Frisch gestärkt in die Wüstennacht. Gefällt euch die aktuelle Stimmung nicht, dreht ihr auf Wunsch die Tageszeit vor.
Teil 3 will nun die gemeinsamen Stärken ausbauen: kühn erdachte Science-Fantasy-Welten, um deren Schicksal interessant frisierte Jungspunde mit eigenwilligen Superschwertern kämpfen. Der Protagonist des neuen Teils heißt Noah und wirkt reifer als der juvenile Rex des Vorgängers. Im Gegensatz zum dronenhaft coolen Shulk aus Teil 1 hat Noah dafür aber durchaus Zugriff auf seine Emotionen und zeigt auch mal Empathie. In der neuen Welt Aionios muss er im Krieg der beiden verfeindeten Nationen Keves und Agnus vermitteln. Beziehungsweise verflöten, denn Noah arbeitet zunächst als Wegweiser. Keine Angst, das bedeutet nicht, dass er nur in schicken Landschaften rumsteht und auf Interessantes deutet (ist vielleicht aber eine Idee für das nächste Spiel von Hideo Kojima). Noah ist ein geborener Soldat. Buchstäblich. Genau wie seine Mitstreitenden wurde er von der Königin von Keves gezüchtet, um gegen die Armee von Agnus zu kämpfen. Überlebt er das zehn Jahre lang, darf er sich in einer zynischen Zeremonie, genannt "Heimkehr", in Lichtpunkte auflösen und seine Lebenskraft wieder dem ewigen Kriegskreislauf zur Verfügung stellen. So eine kleine Rückblende wie zu Anfang dieses Textes würde für Noah also mehr als das Doppelte seiner Lebenszeit umfassen. Ganz schön dystopisch.

Leben, um zu kämpfen

Zurück zum Wegweisen und damit zum Ernst des Spielens: Denn schon in seinen ersten Stunden wirkt Xenoblade Chronicles 3 deutlich existenzialistischer als der leichtfüßig startende Vorgänger.

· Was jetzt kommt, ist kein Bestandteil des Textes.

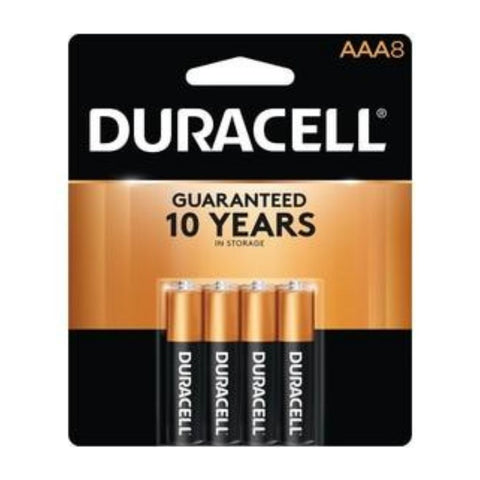 DURACELL 8PK AAA Alkaline Battery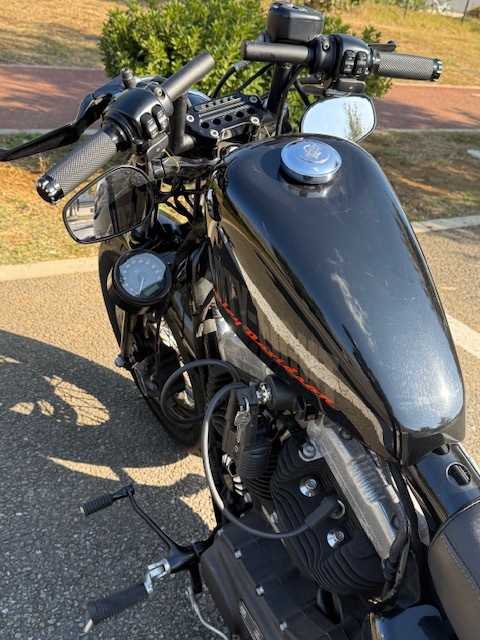 ハーレーダビットソン2014年式 XL1200X FORTY-EIGHT ノーマルパーツ有り 走行18200Km 程度良好 事故歴なし_画像3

Zusammen mit seiner Eskorte, dem stabilen Muskelberg Lanz und der bärbeißigen Scharfschützen-Heilerin Eunie, befindet sich Noah auf einem Spezialauftrag: Gefallene bestatten. Damit die leblosen Hüllen von Soldaten beider Lager sich zurück in Energie verwandeln, spielt Noah per Knopfdruck ein Requiem auf seiner Wegweiser-Querflöte. Partikel aus leuchtender Lebenskraft steigen dann auf und werden wieder dem ewigen Kriegskreislauf zugeführt. Was für ein Drecksjob. Die weiteren grundlegenden Spielmechaniken lernt ihr im Rahmen einer militärisch effizienten Aufklärungsmission kennen. Noah und seine Begleiter erkunden die Gegend um ihre heimatliche Basis, eine sogenannte Kolonie, die als gigantisches mobiles Feldlager fungiert.

Kämpfen, um zu leben

Charakterdesign und Mimik der Figuren sind ausgereift und transportieren eindringlich Freud und Leid eurer Helden.
Schnell wird das Trio in erste Reibereien verwickelt und der robuste Kernmotor der Xenoblade-Spielmechanik springt an: Gegnerischen Soldaten, Kampfdrohnen oder wild gewordenen Killer-Karnickeln stellt ihr euch im sogenannten Auto-Kampf. Das bedeutet, dass sich eure drei Heldenpersonen selbstständig in die Schlacht stürzen, sobald sie in die Reichweite kampfbereiter Opponenten geraten. Noah als Angreifer teilt mit seinem roten Technoschwert kräftig aus, Lanz verteidigt via überdimensioniertem Zweihänder und Eunie feuert je nach Bedarf heilende oder zerstörerische Energiebündel ins Getümmel. Wer nicht direkt von euch gesteuert wird, macht gemäß seiner Rolle auf eigene Faust weiter. Korrektes Positionieren verhilft euch zu Buff-Kraftfeldern oder kombinierbaren Effekten wie z.B. "Schwanken" bei Angriffen von der Seite. Lasst ihr darauf die Effekte "Umwerfen" und dann "Ohnmacht" folgen, legt sich euer Widersacher für einige Sekunden wehrlos hin.

Guernica wer?

Rätselhöhlen und richtige Dungeons findet ihr leider relativ selten.
Noch mehr Schaden teilt ihr aus, wenn ihr auf Tasten- und Digikreuz frei verteilbare Spezialangriffe genau in dem Moment aktiviert, in dem eine Auto-Attacke trifft. Das spielt sich flüssig und ausgereift. Klare Symbole erleichtern die korrekte Aufstellung im Feld und knackige Elite-Gegner sind deutlich markiert. Scharmützel mit größeren Gegnergruppen, bei denen ihr euch zu Beginn auf eine Seite schlagen dürft, um unterschiedliche Belohnungen zu verdienen, lockern etwas auf, der Spielfluss bleibt aber kampflastig. Viel mehr habt ihr in den Schluchten und Schlachtfeldern des ersten Spielkapitels nicht zu tun. Hier mal ein paar Schrauben und Karotten im Vorüberspurten einsammeln, dort einen Container knacken oder eine Abkürzungsleiter aktivieren. So einfach ist das Soldatenleben, im Westen nichts Neues.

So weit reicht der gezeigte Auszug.